Most soaps and products that clean are quite basic.  Using an alkaline product would raise the pH of the outer layer of your skin, likely disrupting the acid mantle.  Most people’s skin can bounce back from this relatively quickly.  In some instances, such as very sensitive or acne-prone skin, the skin might need some help. When I was pregnant and my skin was especially oily and sensitive, I was very aware of pH.  I tried to use as few alkaline products as I could, keeping most of my products neutral or acidic.

If you find that your skin is sensitive to pH, here’s what I recommend (of course, I am not a dermatologist!):

  • Use a cleanser that has a pH of about 8.  You can also consider using a cleanser that is closer to neutral.
  • Use an acidic toner after cleansing to help restore the acid mantle as quickly as possible.
  • Use a neutral or slightly acidic moisturizer.

If your skin is already irritated and dry from problems with pH, avoid all acidic products until you’ve healed up.  Only use very slightly alkaline and neutral products since acid will almost certainly sting and cause more damage and dryness.

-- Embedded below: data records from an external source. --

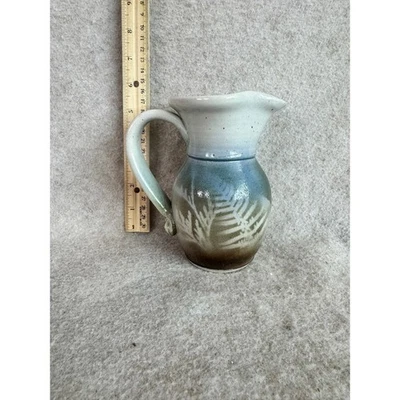 Керамический кувшин ручной работы ваза папоротник дизайн сине-зеленая глазурь студия керамика с подписью - Изображение 1 из 4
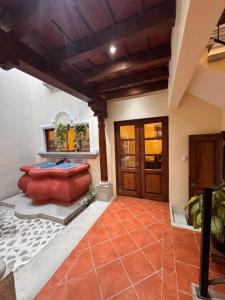 Beautiful 8-person Villa in Antigua with parking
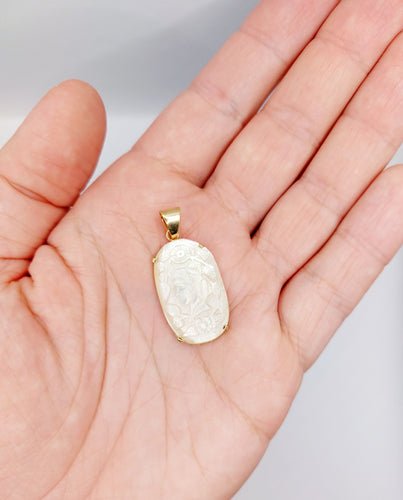 Pendentif Pendentif vintage or jaune ornée d'une plaque de nacre 58 Facettes A04713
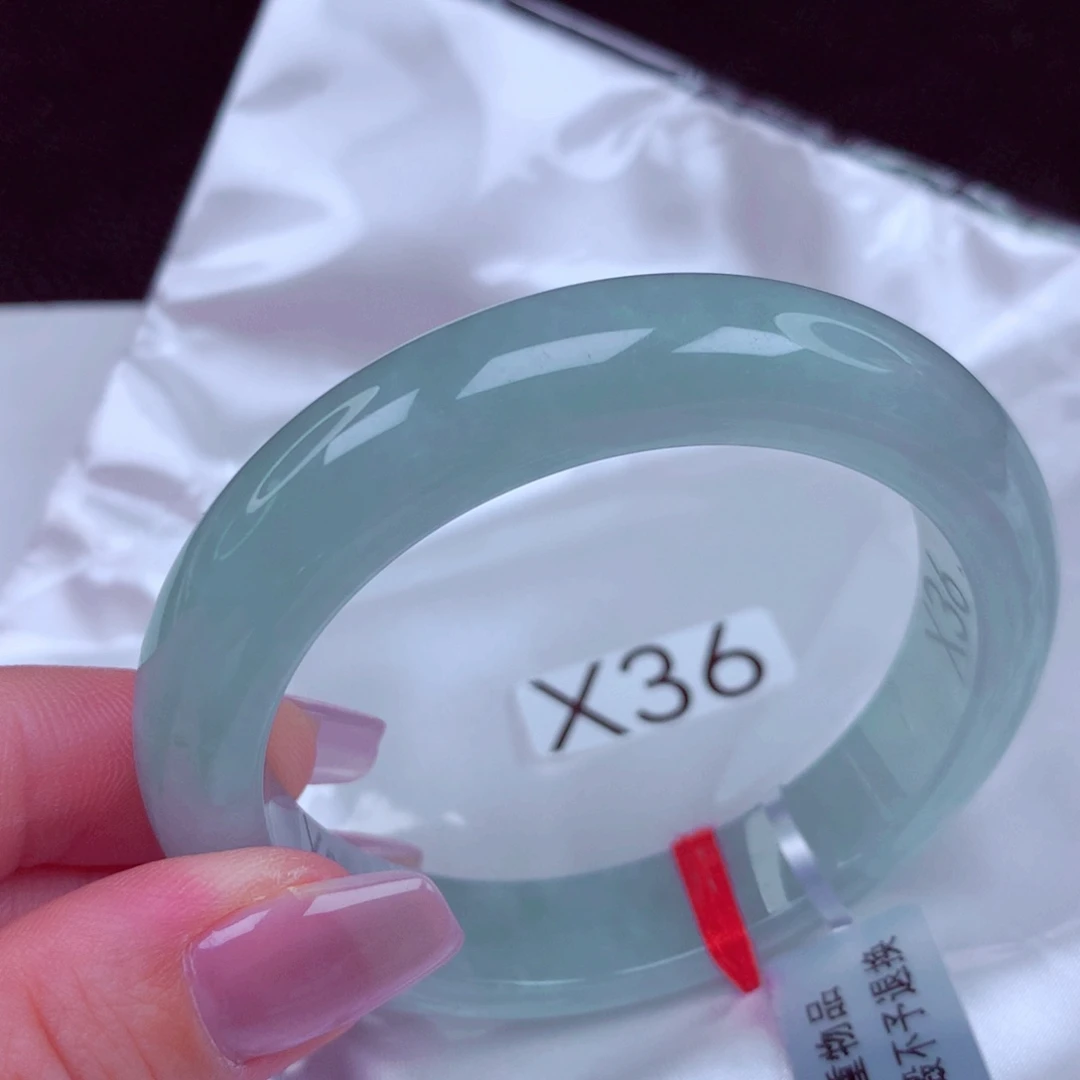 翡翠未镶嵌手镯手镯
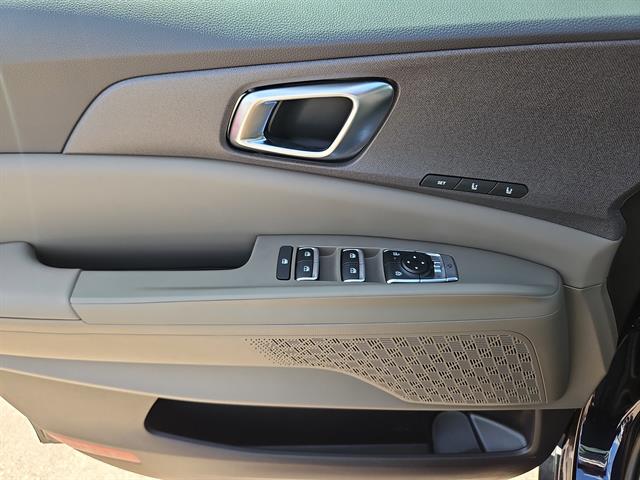2026 Kia Carnival EX photo 13
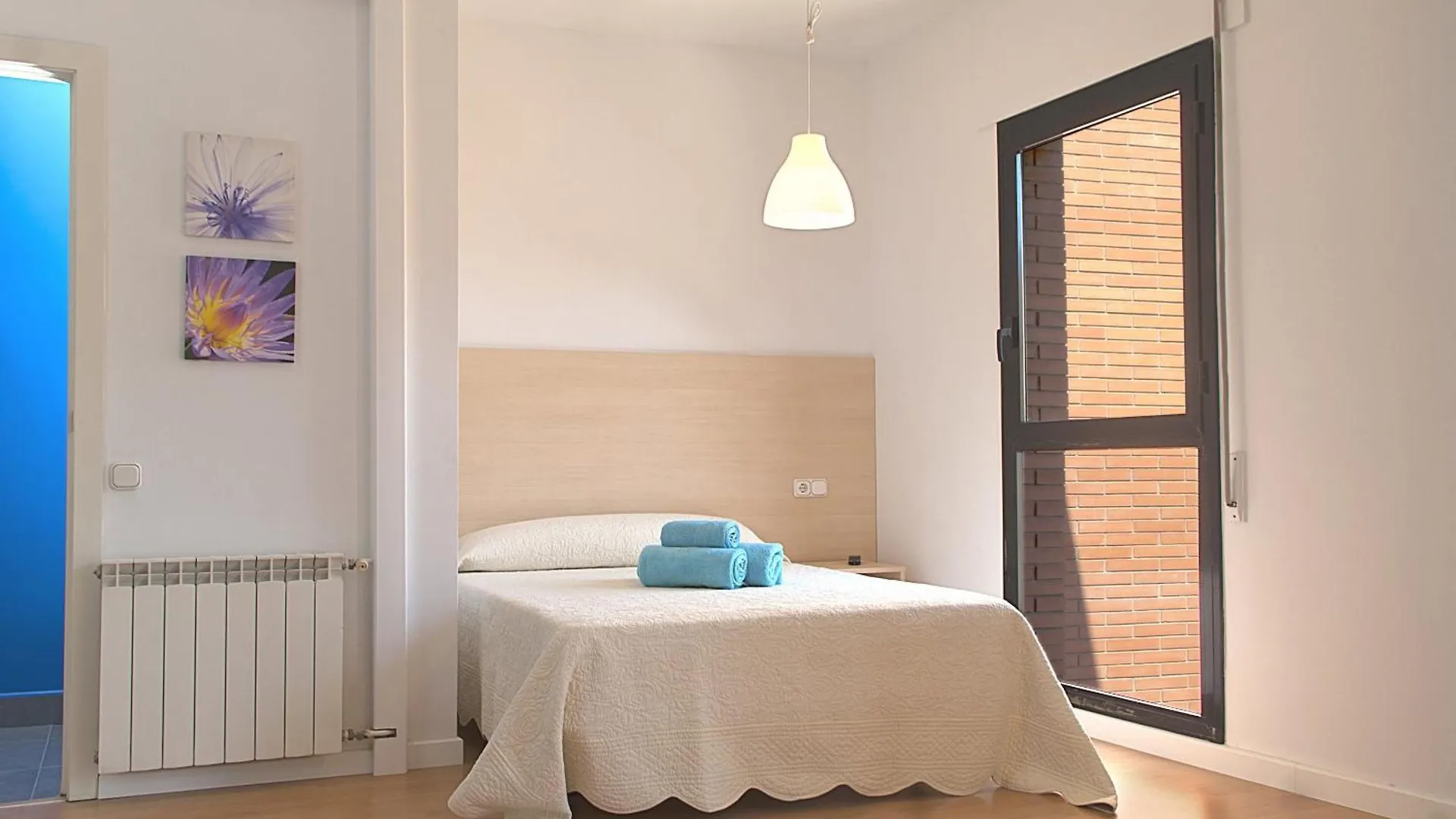 Residencia Universitaria Tagaste Барселона Испания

In the end, the term “pH balanced” is just a marketing ploy to get you to buy stuff.  Cosmetic companies just assume that you don’t know what it means and that you’ll just buy what they’re selling because it’s “pH balanced.” Now that you know what it is, though, you can make your own stuff that meets your needs.

How to determine pH

The only way to know the pH of something is to test it out with an indicator.  Indicators are substances that change color depending on the pH of its environment.  There are many indicators but the most convenient one is pH paper.  Find a bunch on Amazon here.  You dip pH paper, or hydrion paper, into what you want to test and match up the color to find the corresponding approximate pH range.  They’re okay as far as accuracy goes, good enough for what we need.  Beware though — don’t use litmus paper.  Litmus paper only tells you if something is an acid or a base but it does not give a precise pH value.

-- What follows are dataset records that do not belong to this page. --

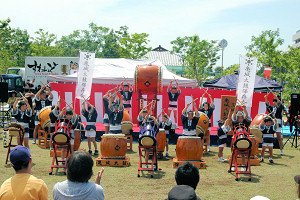 ۍinLO Photo11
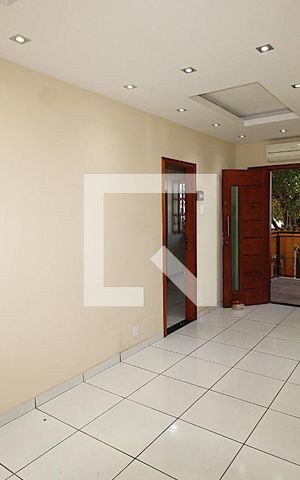 Casa à venda com 170m², 3 quartos e 1 vagaSala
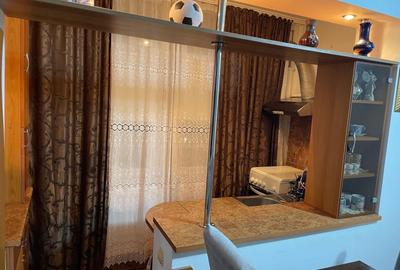 Apartament cu 3 camere decomandat în Exterior Vest - 7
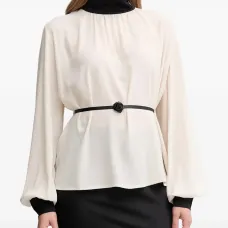 Блузка с воротником-гольф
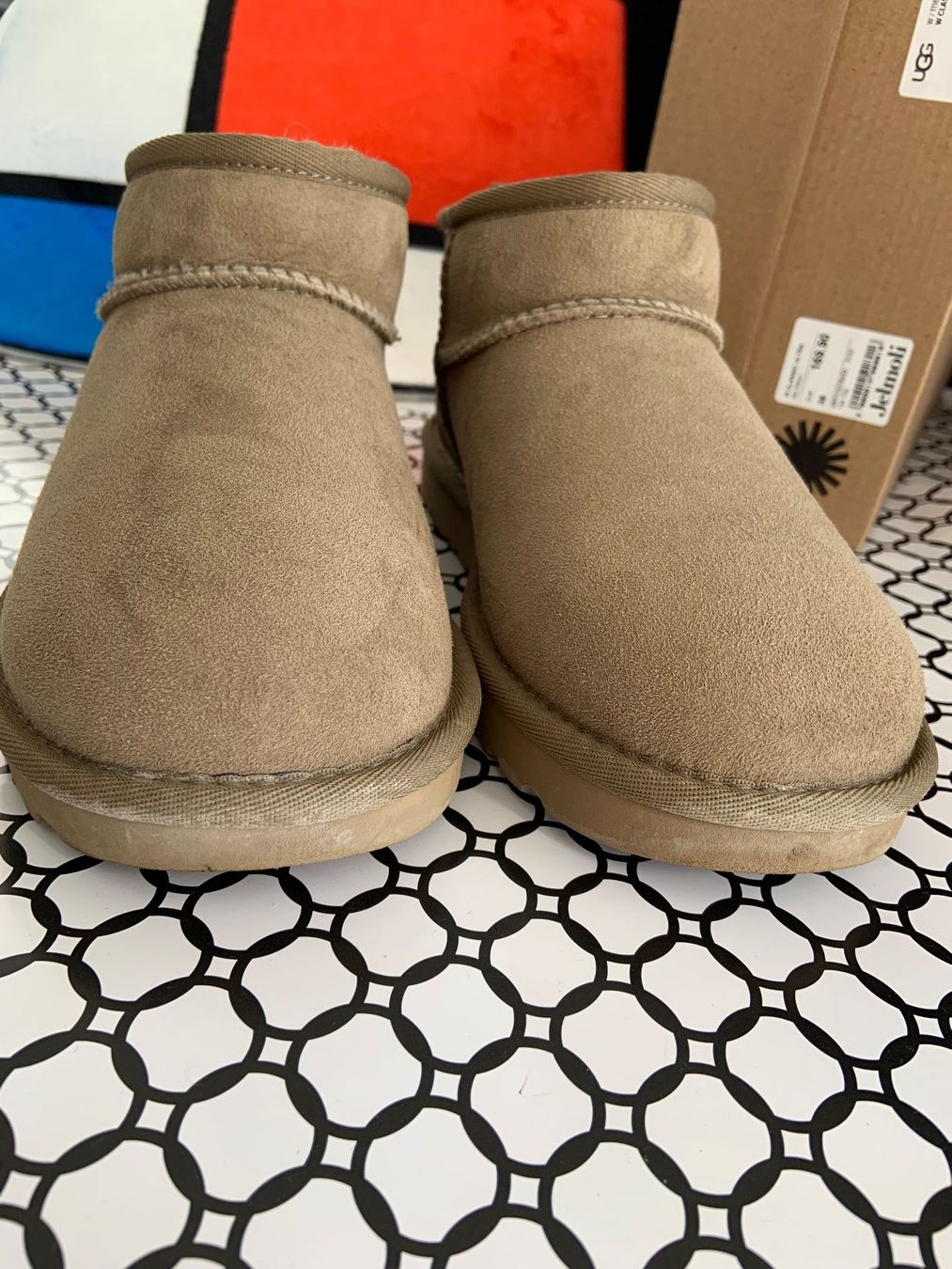 Ugg Scarpe da donna: Ugg Ultra Mini, olive/alp braun, Gr. 38 – Usato da Niederteufen venduto da mix18 7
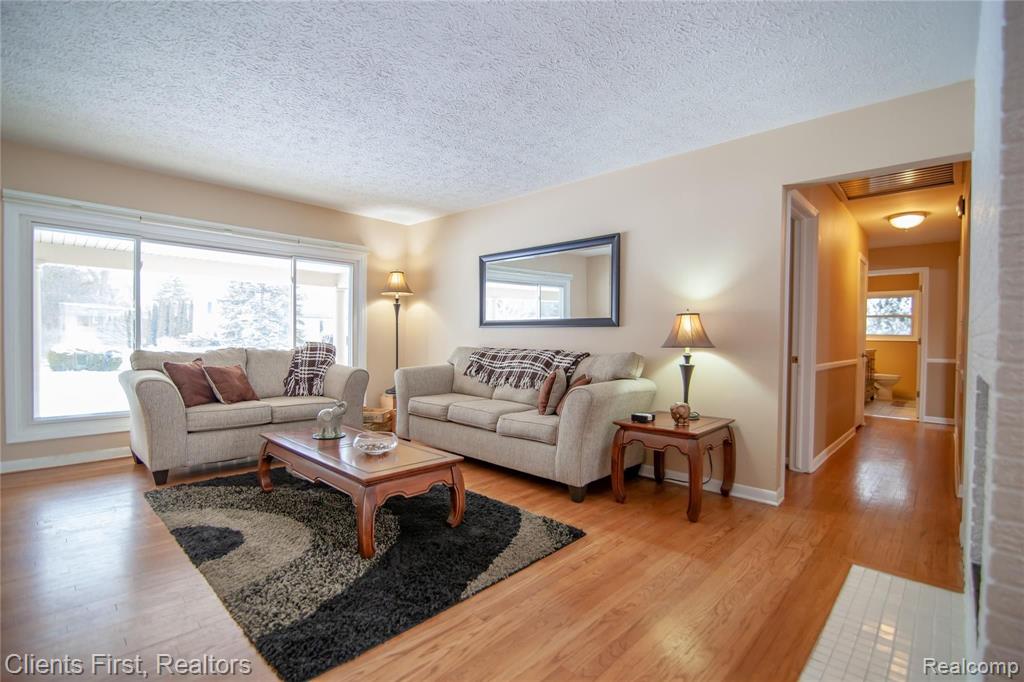 32333 Craftsbury Road Farmington Hills, MI 48334 - Photo 5 of 32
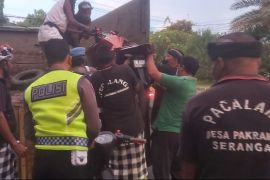 Polisi di Denpasar sita puluhan sepeda motor knalpot brong
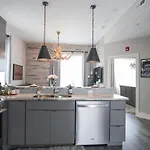 Downtown Luxury At The Southern Belle Holiday home Nashville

If you’re very serious about pH and want very accurate and precise measurements, think about purchasing  a pH meter.  Good ones aren’t cheap.

Reasons to determine pH

When I make soap, pH papers are invaluable because using a soap before it’s ready can cause serious skin irritation, itching, and even burns.  Usually, I’ll put a few drops of water onto the soap, make sure a small amount of soap dissolves, then dip the paper into the very small puddle of water on the bar of soap.  When the pH is between 8 and 10, it’s a usable soap.

Some preservatives are rendered ineffective by pH.  The preservative I usually use, Optiphen, is effective between pH 4 and pH 8.  Lotions and creams I make never go beyond this range so I’m safe.  Check the manufacturer of your favorite preservative to see what the effective pH range is.  Be aware that using preservatives outside the recommended pH range can make them less effective or not work at all.

Ways to lower pH

Most of the time, DIYers want to lower the pH of their products to make them more in line with the pH of the acid mantle.  When adding any of the suggestions listed below, be sure to dilute and add small amounts at a time.  It’s better to add too little and just add more if necessary.  Add a little, test it out.

  • add citric acid — citric acid is commonly used for the sole purpose of lowering pH, not my favorite choice but has some preservative qualities which is nice
  • add vitamin C — vitamin C has some great benefits for skin plus it’s pretty cheap so I prefer using this to lower pH of cleansers and toners
  • add AHA, alpha hydroxy acid — also has good benefits for skin, as I’m sure you’ve seen before.  This is a good choice for older skin and for people who do not spend much time in the sun.  This is also the better choice for creams and lotions, in my opinion.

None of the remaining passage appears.